Dive Brief:
- The Federal Communications Commission on Monday said it will no longer approve imported routers for consumer use without government review.
- An interagency body convened by the White House determined that consumer-grade routers made outside the U.S. present an unacceptable risk to national security, according to FCC officials.
- The Trump administration’s 2025 National Security Strategy says the U.S. should not be dependent on an outside power for core components considered vital to the nation’s economy or defense.
Dive Insight:
The determination follows rising concerns in recent years that foreign adversaries, particularly China, were exploiting critical vulnerabilities and poor security configurations to launch espionage and other malicious attacks.
“I think it’s clear that consumer routers produced by foreign adversaries or foreign countries of concern do pose severe national security risks,” Jack Burnham, analyst for the China Program at the Foundation for Defense of Democracies, told Cybersecurity Dive.
However, Burnham cautioned that it has yet to be determined whether such a maximalist prohibition of new consumer-grade routers will fully solve the security problem.
Router manufacturers will be able to apply for conditional approval from the Defense and Homeland Security departments, according to the FCC. Many of the routers developed by Chinese manufacturers are not actually produced on the Chinese mainland and are sold through joint ventures and partnerships with companies in other parts of the world, Burnham noted.
The recent focus on routers has been linked to the rise of state-linked threat groups, including Volt Typhoon, Flax Typhoon and Salt Typhoon.
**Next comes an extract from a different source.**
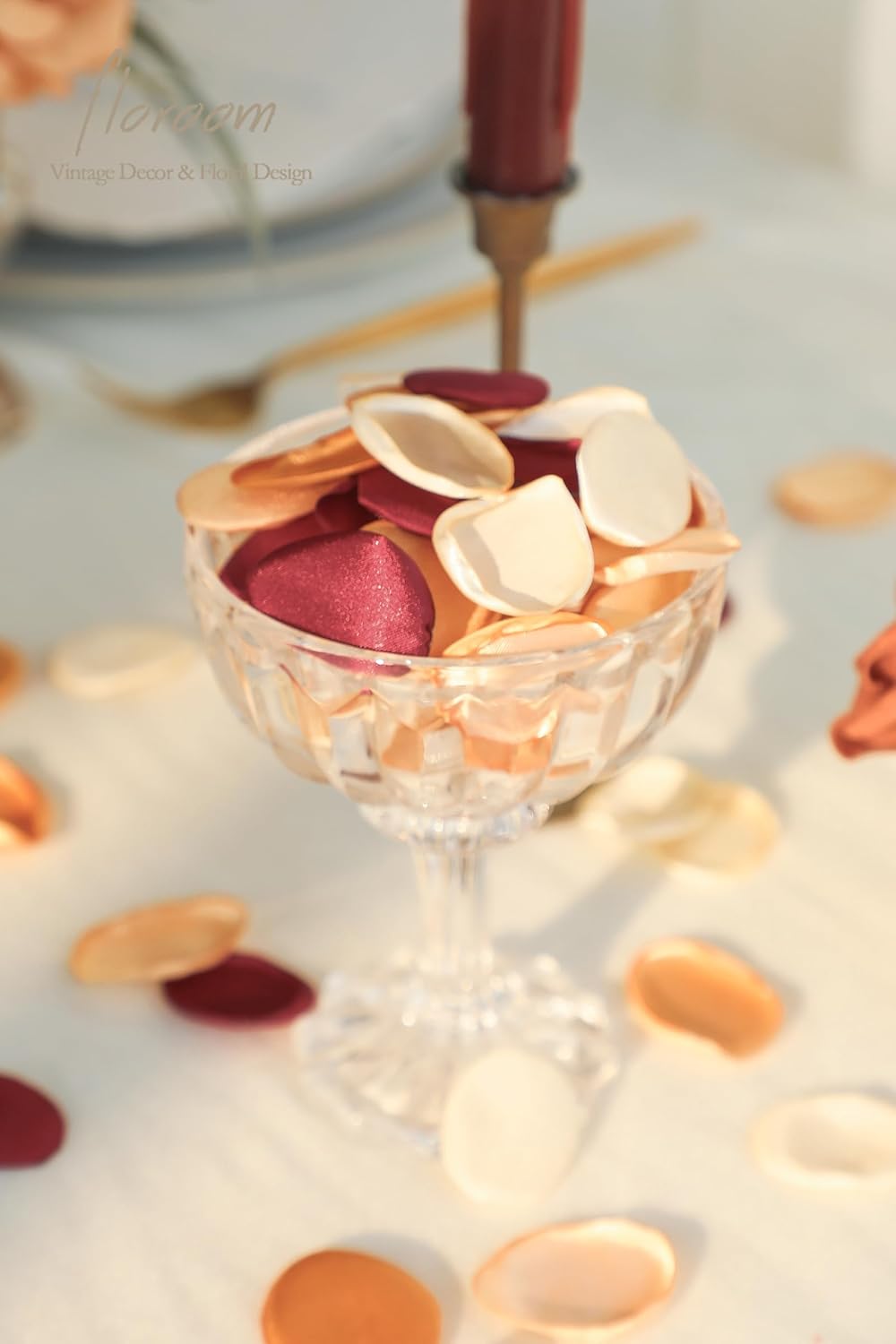 Floroom 300pcs Rose Petals Chic Terracotta Faux Silk Flower Petals Burnt Orange for Wedding Flower Girl Basket Aisle Scatter Table Centerpieces Party Confetti Bridal Shower Romantic Night Decoration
Much of the malicious activity linked to these adversaries has included exploitation of critical flaws in consumer routers.
Millions of Americans work from remote homes or small businesses and are regularly accessing IT networks at major U.S. companies and government agencies.
Beginning in 2023, Microsoft researchers found that Volt Typhoon leveraged small office/home office routers and other edge devices to gain access to larger enterprise networks.
Lawmakers in 2025 urged the Trump administration to tighten restrictions around networking manufacturer TP Link over concerns around the security of their products.
A report released on Monday showed consumer-grade devices used in homes and small businesses accounted for about half of the vulnerabilities found in networking equipment.
Some industry experts warn the FCC decision will set off unintended consequences.
Researchers at GreyNoise Intelligence, a firm that provides threat information to the cybersecurity community, called the decision “fundamentally flawed,” citing the lack of any U.S. production capability for consumer-grade routers.
“The vast majority of internet routers are assembled or manufactured outside the US, often in Taiwan or China,” Bob Rudis, VP of data science at GreyNoise Intelligence, told Cybersecurity Dive. “Products labeled "made in the U.S." are most likely only assembled domestically, with printed circuit boards manufactured elsewhere.”
Even when chips are designed in the U.S., the silicon underlying the chip is fabricated in South Korea or Taiwan, Rudis noted.
Editor’s note: Updates with comment from GreyNoise Intelligence.